▸ **DATASET ENTRIES**
::::

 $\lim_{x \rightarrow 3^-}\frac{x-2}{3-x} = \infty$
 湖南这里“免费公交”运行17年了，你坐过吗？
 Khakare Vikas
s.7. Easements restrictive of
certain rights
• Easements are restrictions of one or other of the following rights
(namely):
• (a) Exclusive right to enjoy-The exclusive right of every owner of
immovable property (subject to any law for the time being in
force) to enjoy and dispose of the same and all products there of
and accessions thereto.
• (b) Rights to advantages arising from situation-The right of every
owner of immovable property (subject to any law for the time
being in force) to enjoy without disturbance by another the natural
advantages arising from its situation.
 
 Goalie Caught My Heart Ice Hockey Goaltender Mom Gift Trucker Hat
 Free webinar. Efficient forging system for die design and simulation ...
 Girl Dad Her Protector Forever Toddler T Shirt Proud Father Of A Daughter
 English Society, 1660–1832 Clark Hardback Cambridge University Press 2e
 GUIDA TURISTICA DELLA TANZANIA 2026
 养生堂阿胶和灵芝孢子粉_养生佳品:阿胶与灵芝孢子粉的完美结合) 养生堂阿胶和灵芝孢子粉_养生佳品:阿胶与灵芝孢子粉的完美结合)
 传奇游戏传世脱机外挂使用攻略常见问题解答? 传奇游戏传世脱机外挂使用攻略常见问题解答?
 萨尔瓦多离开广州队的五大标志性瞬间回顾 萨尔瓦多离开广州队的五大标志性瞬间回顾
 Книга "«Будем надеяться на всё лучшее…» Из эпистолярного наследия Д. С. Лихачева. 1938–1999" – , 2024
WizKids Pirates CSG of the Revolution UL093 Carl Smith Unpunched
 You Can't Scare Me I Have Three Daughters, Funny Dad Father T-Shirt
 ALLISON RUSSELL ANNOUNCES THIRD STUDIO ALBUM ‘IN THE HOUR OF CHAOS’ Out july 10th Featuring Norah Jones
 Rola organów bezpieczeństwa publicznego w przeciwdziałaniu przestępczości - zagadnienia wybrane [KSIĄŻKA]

::::

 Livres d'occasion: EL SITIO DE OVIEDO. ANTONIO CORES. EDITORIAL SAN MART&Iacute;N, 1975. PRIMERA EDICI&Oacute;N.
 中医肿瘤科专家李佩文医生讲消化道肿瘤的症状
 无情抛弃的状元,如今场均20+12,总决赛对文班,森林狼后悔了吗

::::

▸ **EXERCISE DIRECTIONS**
Send back exactly the lines of the listing above starting at the one with "GUIDA TURISTICA DELLA TANZANIA 2026" and ending at the one with "Rola organów bezpieczeństwa", inclusive, and no others.

▸ **RESULT FOR THIS TASK**
 GUIDA TURISTICA DELLA TANZANIA 2026
 养生堂阿胶和灵芝孢子粉_养生佳品:阿胶与灵芝孢子粉的完美结合) 养生堂阿胶和灵芝孢子粉_养生佳品:阿胶与灵芝孢子粉的完美结合)
 传奇游戏传世脱机外挂使用攻略常见问题解答? 传奇游戏传世脱机外挂使用攻略常见问题解答?
 萨尔瓦多离开广州队的五大标志性瞬间回顾 萨尔瓦多离开广州队的五大标志性瞬间回顾
 Книга "«Будем надеяться на всё лучшее…» Из эпистолярного наследия Д. С. Лихачева. 1938–1999" – , 2024
WizKids Pirates CSG of the Revolution UL093 Carl Smith Unpunched
 You Can't Scare Me I Have Three Daughters, Funny Dad Father T-Shirt
 ALLISON RUSSELL ANNOUNCES THIRD STUDIO ALBUM ‘IN THE HOUR OF CHAOS’ Out july 10th Featuring Norah Jones
 Rola organów bezpieczeństwa publicznego w przeciwdziałaniu przestępczości - zagadnienia wybrane [KSIĄŻKA]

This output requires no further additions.